Third in the Scottish National last year but has yet to recapture that form in two starts this season. Trained by businessman John Wade who is no doubt the enemy of vegetable-averse children the world over. Wade left school at 15 and started snagging turnips for £2 a week. He now employs 150, owns 700 acres and trains 40 horses “as a hobby”. A National win would propel him into second in the owners’ prize money list behind the mega-successful JP McManus.

One of four JP McManus entries in the race and comes here in top form after a convincing win in the three mile one furlong Fulke Walwyn Chase at Cheltenham. On that day Richie McLernon guided him to victory by four and a half lengths ahead of another of today’s rivals Becauseicouldntsee. The pair are reunited for an attempt at a high profile double. Third in the Irish National last year behind Organisedconfusion so stamina doubts shouldn’t be an issue.

A bold front-runner who is sure to be up at the head of affairs from the start. In a rich vein of form for trainer Victor Dartnell but regular jockey all the starvation and saunas in the world can’t help Denis O’Regan do the weight. In his place, former Gold Cup winning jockey Paddy Brennan slips into the saddle to take a plum ride. Tipped by professional ‘psychic’ tipster Dean ‘Midas’ Maynard.

Was travelling well last year in third when he fell four out as a 66/1 shot.
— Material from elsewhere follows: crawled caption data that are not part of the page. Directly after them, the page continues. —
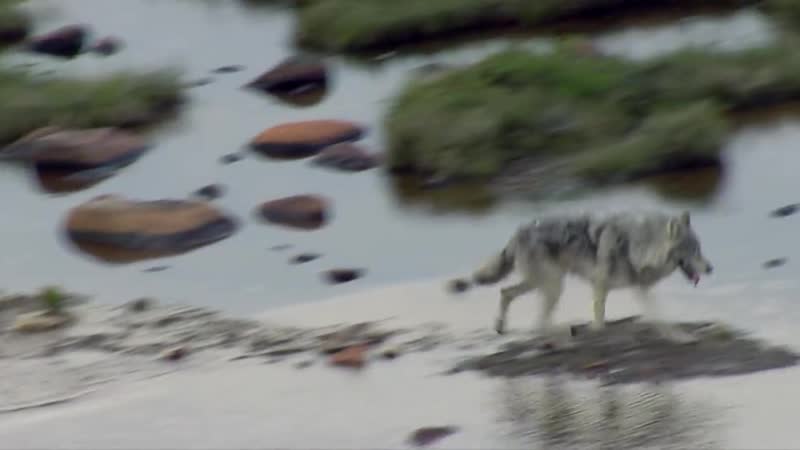 Nat geo wild дикая природа америки горы (1080р)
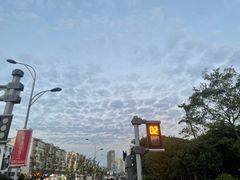 -滆湖低碳生态公园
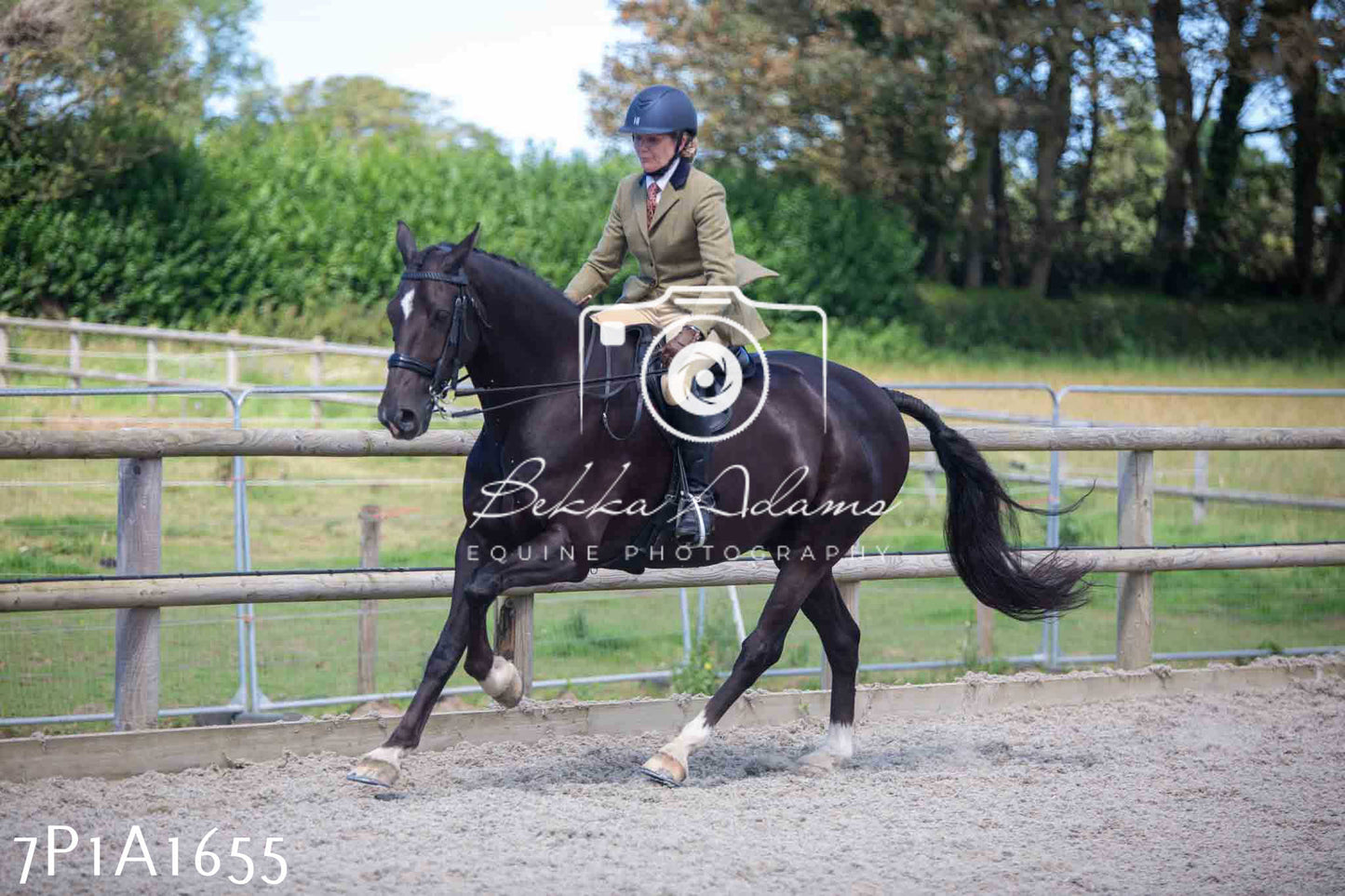 Home Farm Annual Show -Ridden Showing 20th August 2023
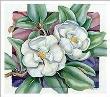 Magnolia Grandiflora by Paul Brent Limited Edition Pricing Art Print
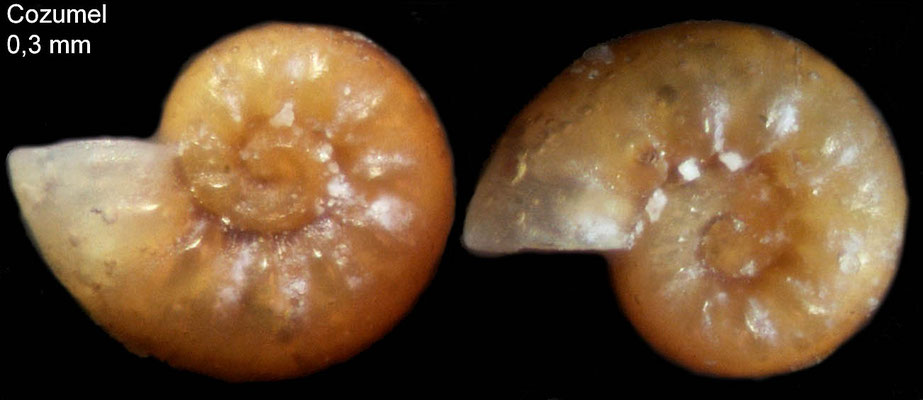 Ammonicera minortalis - Mexiko, Cozumel Isl., 10-15 m 4/2014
A successful breathing operation and a better race-programme means trainer Stuart Crawford feels he is better prepared this year. Won his first race for three years last month.
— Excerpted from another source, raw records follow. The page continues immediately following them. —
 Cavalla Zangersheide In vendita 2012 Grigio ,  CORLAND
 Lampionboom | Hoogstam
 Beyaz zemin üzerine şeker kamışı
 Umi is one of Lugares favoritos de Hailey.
Owner Ger Burke named him ‘black’ based on the horse’s colour and his sister’s apartment in Clearwater, Florida close to Apalachee Bay. If his sister’s choice of location for accommodation in the Sunshine State had been different we could be cheering on Black Spuds or Black Fluffy Landing. He finished second to AP McCoy and Don’t Push It in 2010 but now a 13-year-old who hasn’t raced much recently.